Chris Ruddick, MLB Editor

Chris Ruddick Logo Philadelphia, PA (Sports Network) - The dreaded Mitchell Report is finally going to be released to the public, and supposedly there are 60-80 names from the past and present that are going be in it. Am I the only one, though, that could care less?

For the same reason I rubberneck a huge car wreck, I guess I will be interested to see the names, but I guarantee there is not going to be a player on that list that is going to shock me.

It has been three years since I came to the realization that players were using steroids. I have moved on. I don't care about what happened in the past. Tell me what you are going to do in the future to fix it. That is what I want to hear. If you really want to do something, come up with a way to test for human growth hormone. Until then, leave me alone.

Did I need to see some sort of paper trail to prove to me that Mark McGwire or Barry Bonds or Juan Gonzalez did steroids? I hate to break it to you, but those are the types of guys that are going to be in this report. If you are looking for more really big names, I have a feeling you are going to be disappointed.

George Mitchell
The George Mitchell Report tells us what we already know.
What was the point of this whole thing anyway? I think we can all agree that steroids were a big part of the game for a long period of time. I would think Major League Baseball would want to distance themselves from this era as much as possible, so why have an investigation to throw it in the fans' faces?

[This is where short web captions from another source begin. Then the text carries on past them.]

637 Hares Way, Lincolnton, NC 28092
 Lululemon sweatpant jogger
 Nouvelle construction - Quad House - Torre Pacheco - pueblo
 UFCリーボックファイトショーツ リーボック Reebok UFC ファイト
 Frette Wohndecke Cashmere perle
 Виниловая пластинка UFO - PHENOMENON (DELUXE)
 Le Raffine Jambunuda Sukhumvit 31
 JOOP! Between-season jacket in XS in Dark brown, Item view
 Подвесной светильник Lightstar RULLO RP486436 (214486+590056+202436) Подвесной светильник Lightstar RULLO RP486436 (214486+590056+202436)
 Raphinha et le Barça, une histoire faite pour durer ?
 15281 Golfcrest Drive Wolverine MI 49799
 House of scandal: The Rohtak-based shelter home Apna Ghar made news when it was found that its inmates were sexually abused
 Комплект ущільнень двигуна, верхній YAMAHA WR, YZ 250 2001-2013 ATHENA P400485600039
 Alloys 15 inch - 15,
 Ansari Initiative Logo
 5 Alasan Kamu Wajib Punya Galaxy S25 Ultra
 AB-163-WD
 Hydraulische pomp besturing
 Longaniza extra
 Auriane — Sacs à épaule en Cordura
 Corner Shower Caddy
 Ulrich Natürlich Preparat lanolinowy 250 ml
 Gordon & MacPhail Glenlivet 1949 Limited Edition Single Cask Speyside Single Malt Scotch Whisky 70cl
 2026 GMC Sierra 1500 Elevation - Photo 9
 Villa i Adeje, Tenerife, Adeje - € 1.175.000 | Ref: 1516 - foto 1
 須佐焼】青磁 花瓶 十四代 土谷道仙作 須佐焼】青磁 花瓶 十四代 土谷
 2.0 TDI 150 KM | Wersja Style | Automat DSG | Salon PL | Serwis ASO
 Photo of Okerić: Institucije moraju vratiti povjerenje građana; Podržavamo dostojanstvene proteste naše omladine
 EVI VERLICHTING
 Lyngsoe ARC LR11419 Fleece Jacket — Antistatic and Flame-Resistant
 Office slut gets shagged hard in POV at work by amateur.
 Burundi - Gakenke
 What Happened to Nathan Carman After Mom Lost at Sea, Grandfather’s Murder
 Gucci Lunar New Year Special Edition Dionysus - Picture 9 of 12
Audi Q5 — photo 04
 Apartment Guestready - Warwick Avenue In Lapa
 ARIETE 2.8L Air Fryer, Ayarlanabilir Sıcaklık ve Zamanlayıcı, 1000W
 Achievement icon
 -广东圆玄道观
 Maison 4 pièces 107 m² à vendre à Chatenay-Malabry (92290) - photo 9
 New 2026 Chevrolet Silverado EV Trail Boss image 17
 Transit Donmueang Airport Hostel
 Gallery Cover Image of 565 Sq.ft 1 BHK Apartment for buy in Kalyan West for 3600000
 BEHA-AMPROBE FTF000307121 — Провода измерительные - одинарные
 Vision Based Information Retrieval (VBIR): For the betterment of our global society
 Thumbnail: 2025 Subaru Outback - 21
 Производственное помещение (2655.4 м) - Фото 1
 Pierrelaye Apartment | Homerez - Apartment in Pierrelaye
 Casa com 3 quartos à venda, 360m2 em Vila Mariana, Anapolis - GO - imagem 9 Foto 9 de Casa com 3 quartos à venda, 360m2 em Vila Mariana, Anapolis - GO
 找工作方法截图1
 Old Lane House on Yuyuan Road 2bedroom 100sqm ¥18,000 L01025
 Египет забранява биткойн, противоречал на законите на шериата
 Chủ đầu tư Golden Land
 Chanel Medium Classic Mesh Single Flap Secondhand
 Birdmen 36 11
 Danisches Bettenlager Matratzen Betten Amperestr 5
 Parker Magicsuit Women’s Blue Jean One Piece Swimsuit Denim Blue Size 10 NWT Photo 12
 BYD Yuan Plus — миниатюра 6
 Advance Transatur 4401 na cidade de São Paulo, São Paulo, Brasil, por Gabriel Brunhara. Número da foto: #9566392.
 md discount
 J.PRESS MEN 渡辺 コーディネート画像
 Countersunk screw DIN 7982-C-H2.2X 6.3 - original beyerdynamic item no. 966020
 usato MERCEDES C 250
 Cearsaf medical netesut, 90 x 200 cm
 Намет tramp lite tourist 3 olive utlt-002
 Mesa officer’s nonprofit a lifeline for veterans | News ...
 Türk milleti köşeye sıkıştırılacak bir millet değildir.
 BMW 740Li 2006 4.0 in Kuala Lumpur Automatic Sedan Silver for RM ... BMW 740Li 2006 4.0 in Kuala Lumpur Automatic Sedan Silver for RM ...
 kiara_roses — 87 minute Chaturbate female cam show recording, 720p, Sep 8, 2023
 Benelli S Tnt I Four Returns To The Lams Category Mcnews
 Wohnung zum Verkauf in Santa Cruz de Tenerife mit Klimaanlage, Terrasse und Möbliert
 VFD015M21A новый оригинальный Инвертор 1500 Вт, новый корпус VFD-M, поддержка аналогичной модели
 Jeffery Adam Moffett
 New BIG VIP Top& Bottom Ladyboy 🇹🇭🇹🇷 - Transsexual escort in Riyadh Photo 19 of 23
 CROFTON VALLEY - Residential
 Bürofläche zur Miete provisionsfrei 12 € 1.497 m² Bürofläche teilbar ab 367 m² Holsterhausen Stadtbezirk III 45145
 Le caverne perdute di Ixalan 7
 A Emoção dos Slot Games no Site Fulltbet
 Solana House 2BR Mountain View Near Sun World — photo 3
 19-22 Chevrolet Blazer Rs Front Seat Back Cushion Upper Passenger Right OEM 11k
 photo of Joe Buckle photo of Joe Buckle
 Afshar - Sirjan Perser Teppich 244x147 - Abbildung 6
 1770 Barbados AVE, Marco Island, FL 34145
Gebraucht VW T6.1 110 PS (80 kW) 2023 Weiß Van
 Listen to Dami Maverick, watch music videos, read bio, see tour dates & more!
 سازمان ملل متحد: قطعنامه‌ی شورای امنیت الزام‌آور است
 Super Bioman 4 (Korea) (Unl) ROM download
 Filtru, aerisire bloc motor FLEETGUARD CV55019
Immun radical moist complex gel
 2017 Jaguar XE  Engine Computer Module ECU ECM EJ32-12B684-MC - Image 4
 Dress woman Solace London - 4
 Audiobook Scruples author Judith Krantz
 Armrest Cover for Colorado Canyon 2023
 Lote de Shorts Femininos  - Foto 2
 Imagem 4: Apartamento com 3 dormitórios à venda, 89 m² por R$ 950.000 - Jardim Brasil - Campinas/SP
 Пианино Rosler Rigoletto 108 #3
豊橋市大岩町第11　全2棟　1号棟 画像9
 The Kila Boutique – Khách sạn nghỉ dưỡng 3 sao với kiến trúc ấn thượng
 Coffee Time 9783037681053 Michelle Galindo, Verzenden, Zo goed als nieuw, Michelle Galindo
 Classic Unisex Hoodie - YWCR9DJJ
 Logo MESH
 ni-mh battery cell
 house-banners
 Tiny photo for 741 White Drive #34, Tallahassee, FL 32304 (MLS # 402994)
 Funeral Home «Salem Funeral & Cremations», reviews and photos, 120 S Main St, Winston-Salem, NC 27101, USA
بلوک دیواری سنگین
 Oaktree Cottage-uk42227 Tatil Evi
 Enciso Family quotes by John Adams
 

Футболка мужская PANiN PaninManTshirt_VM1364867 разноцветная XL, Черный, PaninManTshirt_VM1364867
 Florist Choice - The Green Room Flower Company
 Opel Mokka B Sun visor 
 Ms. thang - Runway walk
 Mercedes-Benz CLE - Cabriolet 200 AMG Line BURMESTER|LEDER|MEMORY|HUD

Let's not forget that this whole situation could have been avoided a long time ago if Bud Selig and MLBPA President Donald Fehr stepped up to the plate. Former commissioner Fay Vincent wanted something done about steroids in the early 90's, but everyone turned a blind eye and reaped the benefits of the long ball era. I hope this report shows that as much as anything else.

And despite what Selig may tell you, nothing about the policy is better. Sure there are now steroid testing procedures in place, but are you telling me the only players doing it were the types that have been caught? I find that extremely hard to believe.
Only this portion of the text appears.